What defines a significant weight change is a matter of debate. In the elderly population, involuntary weight loss of 5% in 6 months is associated with increased mortality (14), and intentional weight loss of 5% in the obese population significantly reduces cardiovascular risk (15). However, in the underweight population, it is unclear how much weight gain is necessary to have a significant impact on outcome. A prospective study of an aggressive nutritional support program in 203 patients with COPD has shown that a weight gain of 2 kg over 8 weeks in nutritionally depleted patients was associated with improvement in long-term outcomes (7). In addition, a small study of 30 LVRS patients revealed that a 5% increase in BMI was associated with improved health-related quality of life, dyspnea scores, and lung function (17). On the basis of these data, we chose a threshold of a 5% increase in BMI in 6 months to be considered clinically significant for our analysis.

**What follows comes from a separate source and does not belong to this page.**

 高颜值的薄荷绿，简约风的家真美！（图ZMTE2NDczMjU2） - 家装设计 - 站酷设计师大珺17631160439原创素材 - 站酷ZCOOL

Cachexia is a common systemic manifestation of COPD, affecting 20–35% of patients (18, 19). The underlying mechanisms are unclear, but multiple factors have been implicated, including increased REE (4, 20), elevated systemic inflammation (5), derangement of anabolic hormone metabolism (21, 22), and muscle disuse atrophy. Sergi and colleagues found that REE was 10% higher in patients with COPD than in normal subjects similar in age, height, and weight (20). Similarly, Schols and colleagues found that REE, when adjusted for fat-free mass, was higher in patients with COPD who lost weight compared with those whose weight remained stable (23). Serum levels of TNF-α are higher in cachectic patients with COPD compared with noncachectic patients with COPD and healthy control subjects (24, 25), and elevations in IL-1 and IL-6 may also play a role in the development of cachexia (26, 27). Reductions in circulating levels of testosterone, growth hormone, insulin-like growth factor, and leptin have also been found in cachectic patients with COPD (21, 22, 25).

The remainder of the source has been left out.